Data excerpts
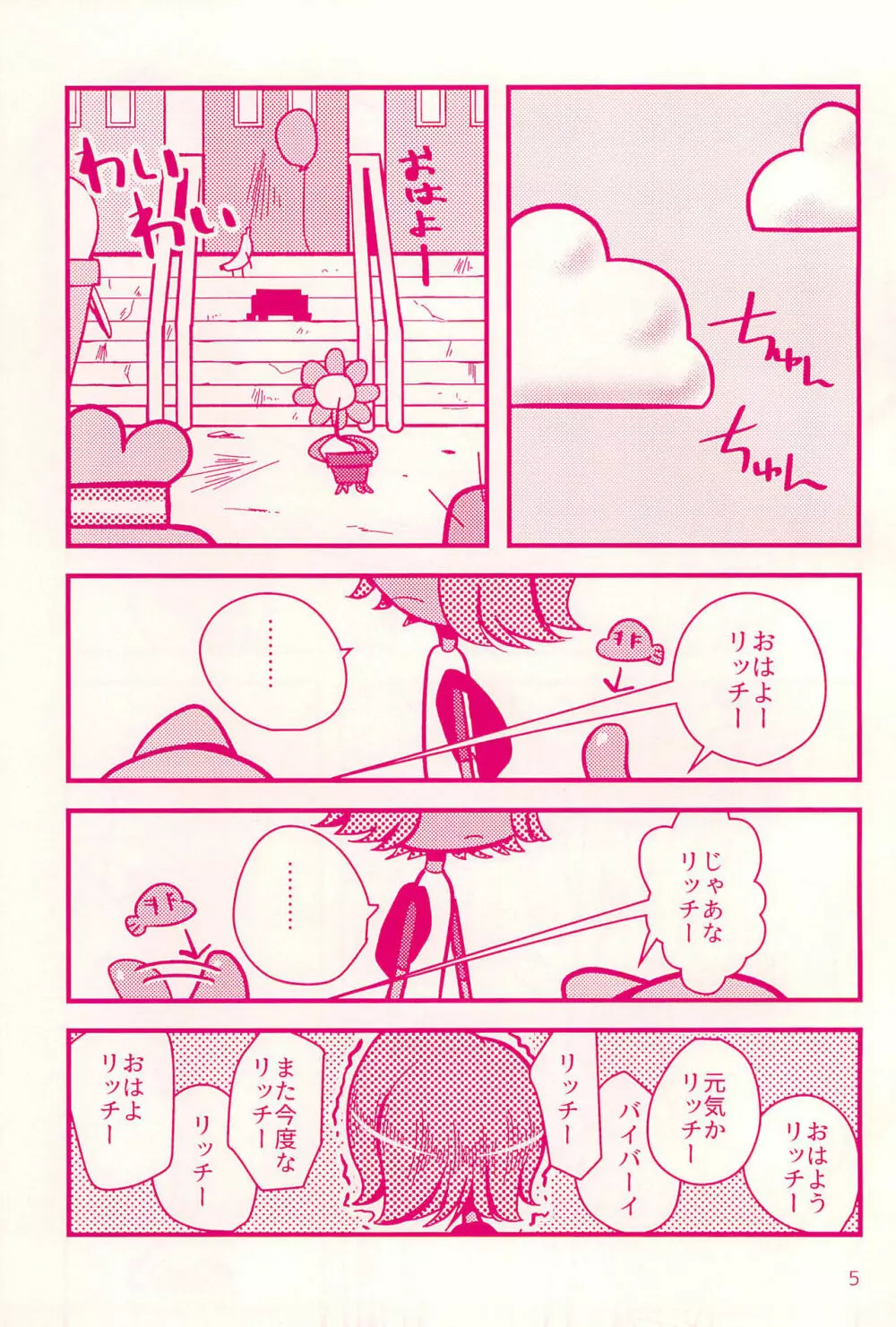 名前を呼ばれたら Page.5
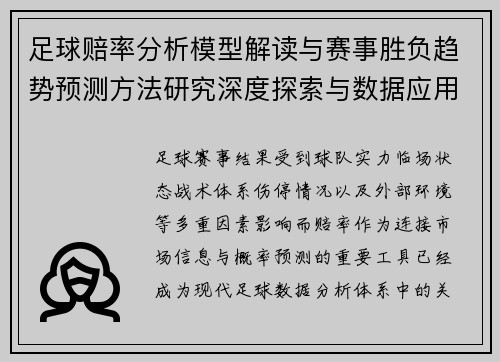 足球赔率分析模型解读与赛事胜负趋势预测方法研究深度探索与数据应用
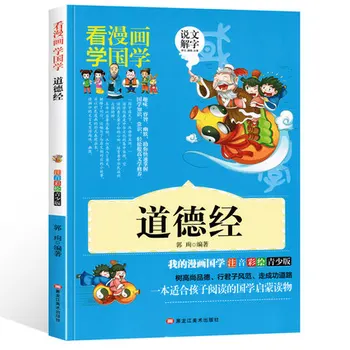 

Tao Te Ching / Dao De Jing Comic Book The Classic of the Virtue of the Tao Lao Tzu in spring and Autumn Philosophy Cullture Book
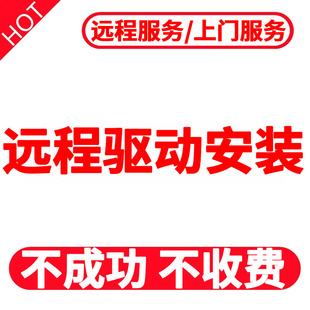 打印机驱动远程安装程序电脑维修局域网文件共享网络服务不打印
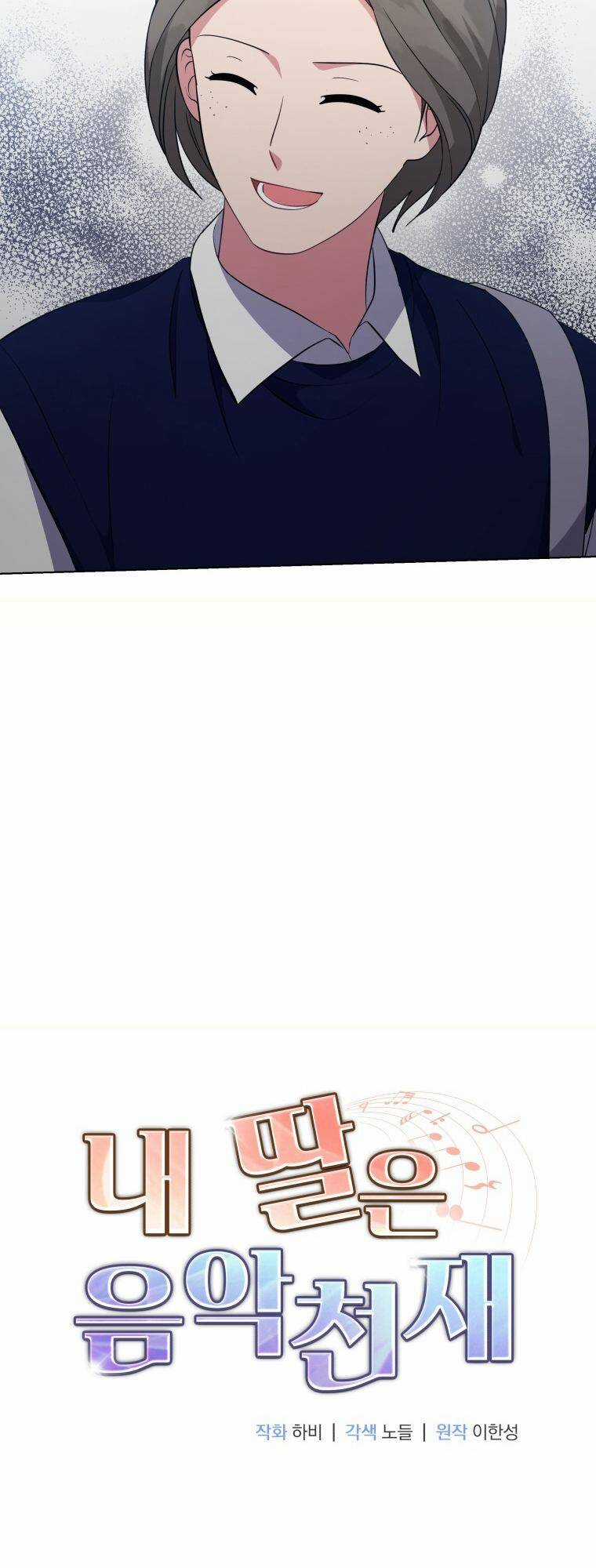 Con Gái Tôi Là Một Thiên Tài Âm Nhạc Chapter 77 trang 2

## What is required
Output all entries unchanged; skip the pictures.

## Output below
 名前を呼ばれたら Page.5
 足球赔率分析模型解读与赛事胜负趋势预测方法研究深度探索与数据应用

Tao Te Ching / Dao De Jing Comic Book The Classic of the Virtue of the Tao Lao Tzu in spring and Autumn Philosophy Cullture Book
 打印机驱动远程安装程序电脑维修局域网文件共享网络服务不打印
 Con Gái Tôi Là Một Thiên Tài Âm Nhạc Chapter 77 trang 2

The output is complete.